When I work with folks who are either new to debugging, or else want to sharpen up their chops (perhaps they have gotten rusty by not having to do so for a long time), one of the things I tell them to do is to watch out for things that don't do what you expect, and then figure out why. I mean, does everything on your computer doing exactly what you would want it to do, all of the time?
For example, I was working with a friend who doesn't have as many chances to debug things as he would like. Concomitantly, he was struggling with MS07-052, which (for the first couple of days) would cycle in an infinite loop for anybody who didn't install Crystal Reports as part of Visual Studio. It would install, succeed, and then detect that it needed to install again. He was about to ping a discussion alias about it. So I looked at him, and I said, "why don't you debug it?"
It's that kind of mindset that gets you practice debugging. Now, in this case, the cause was known, so he wasn't going to be helping anybody out. But in many cases, the cause may not be understood (you may be holding a repro that is really hard to get) - take advantage of that opportunity. And, even if you are doing some redundant debugging, if you learn something new and keep your skills sharp, would you begrudge yourself the time? If not, then perhaps...
One of the blogs I love to follow is Mark Russinovich's blog. He takes this exact approach over and over, outlining exactly how he uses tools to follow that investigation. And, obviously, learning how to better use the tools is one great takeaway.
But I think there's more to it than sharpening your skills with tools. Rather, it's a view into the mindset of somebody who is so natively curious. He sees a problem. It annoys him. So he figures out why it's happening, so he can get it to stop. By doing that alone, you can improve your skills exponentially, and Mark is kind enough to share his techniques for how to do that investigation.
One thing that I noticed that caught my attention even more than the great example of when to start debugging and how to do it was his awesome example of when to stop. In Mark's latest entry, The Case of the Frozen Clock Gadget, he proceeds through the investigation, and in the end determines the API that is causing a memory leak, after which he ... (drum roll) ... stops debugging it and files the bug. He doesn't dig into the implementation itself to see where the memory leak is happening. He never gets to the exact cause. But, what he has done is find somebody to assign the bug to, and then he moved on. There will be a single person who owns that API, and he can hand that person the symptoms and a repro. He can now go on to bigger and better things, and that person can fix up the code.
That, my friends, is a hard skill to learn. I mean, look at what I just said. You have to be curious enough to delve deeply into a problem at the first sign of trouble. You have to be creative enough to dig in and figure out what is going on. But then, before you see the actual culprit, you stop. You have to be able to turn off your curiosity, and know that your job is just to find an owner for the bug, and move on. (Don't worry, there are still plenty more bugs out there.) For those who are so natively curious as to get into the nitty-gritty of debugging, this can be a hard lesson to learn.

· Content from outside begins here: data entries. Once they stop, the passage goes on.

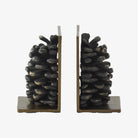 Pine cone bookends on a white background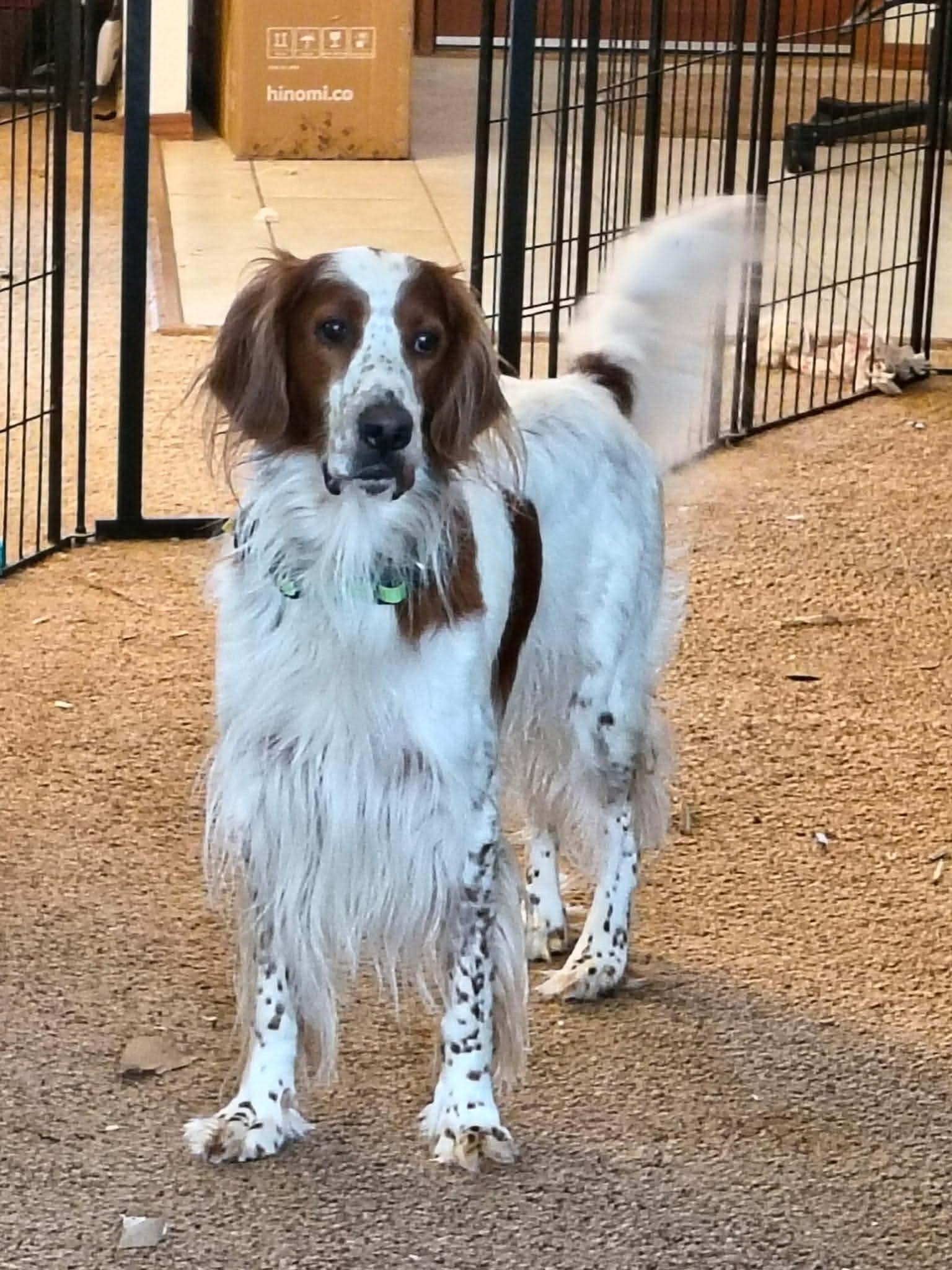 Denali, a ADOPTABLE English Setter in Denver, CO image 3/6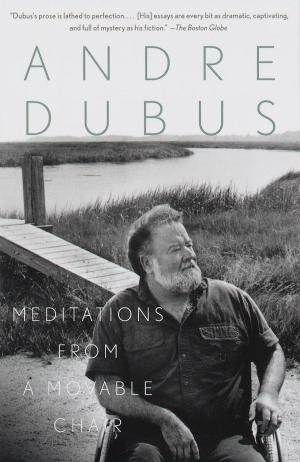 Cover of the book Meditations from a Movable Chair by Deirdre Bair
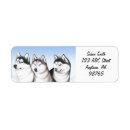 Suche nach heiserer hund Huskies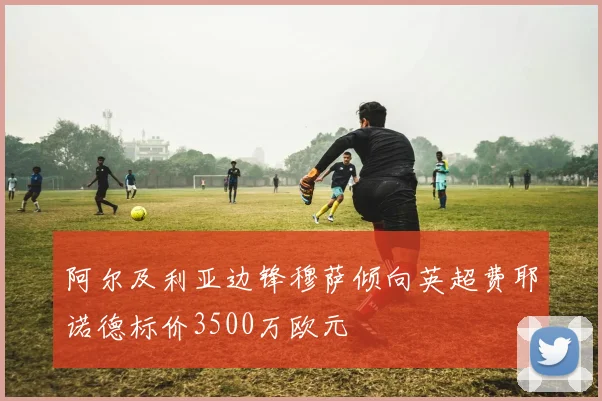 阿尔及利亚边锋穆萨倾向英超费耶诺德标价3500万欧元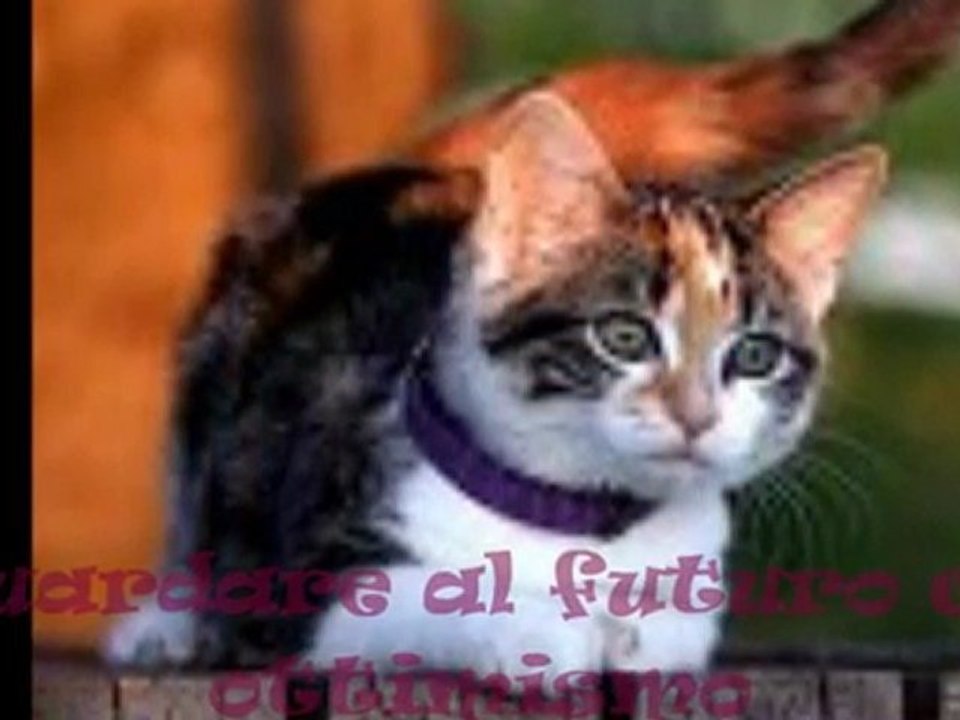 A Francesca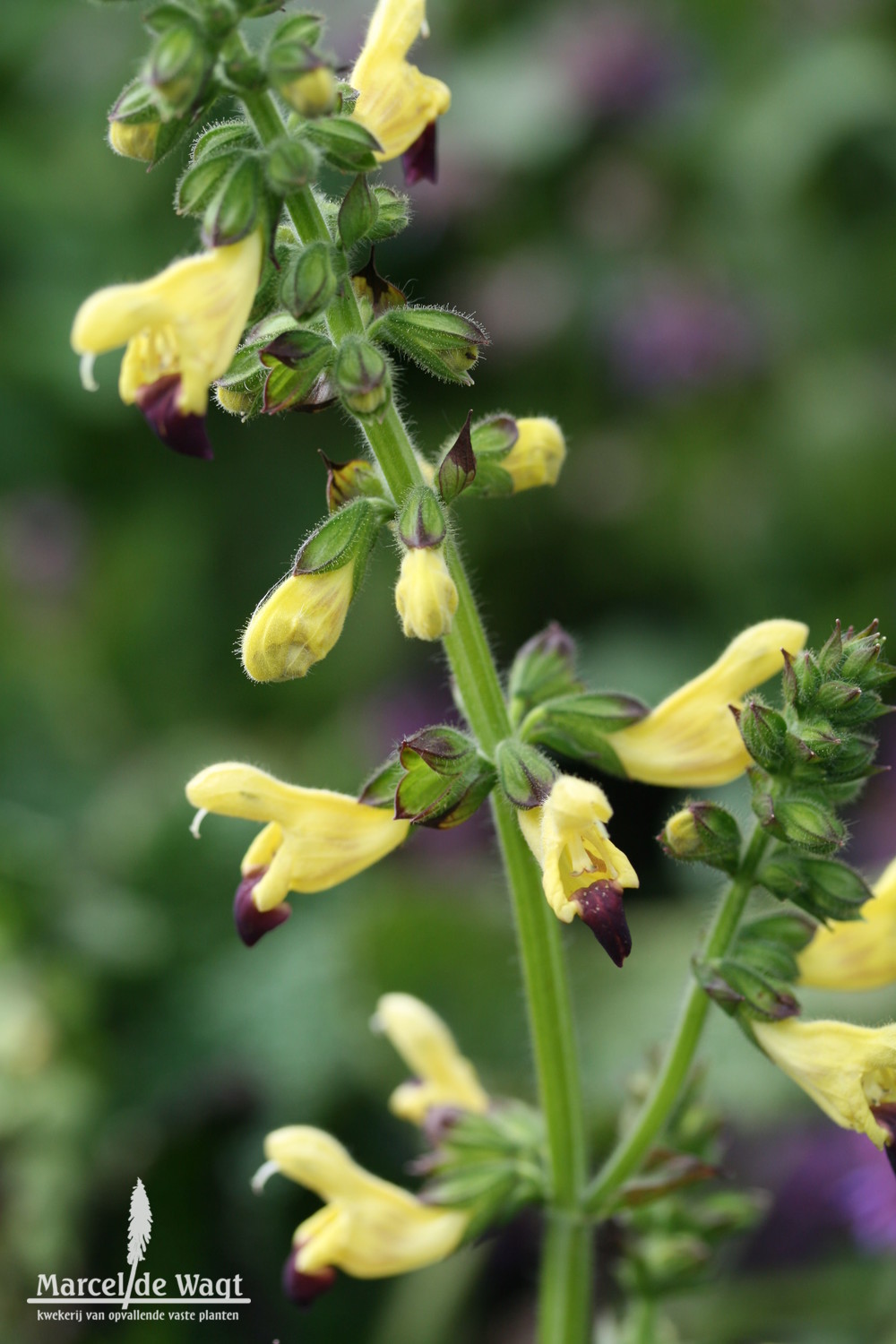 Salvia bulleyana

I see this all of the time working with enterprise customers who are testing application compatibility for a migration to Windows Vista, and one important step is knowing when to stop debugging. The answer, of course, can vary:
Believe it or not, knowing when to stop is one of the hardest part of debugging applications. You need to encourage your innate curiosity to determine just enough, but then be able to turn it off. It's simply the only way to get everything done. And, believe me, by pointing somebody in the right direction, your help can be beyond invaluable. Happy debugging!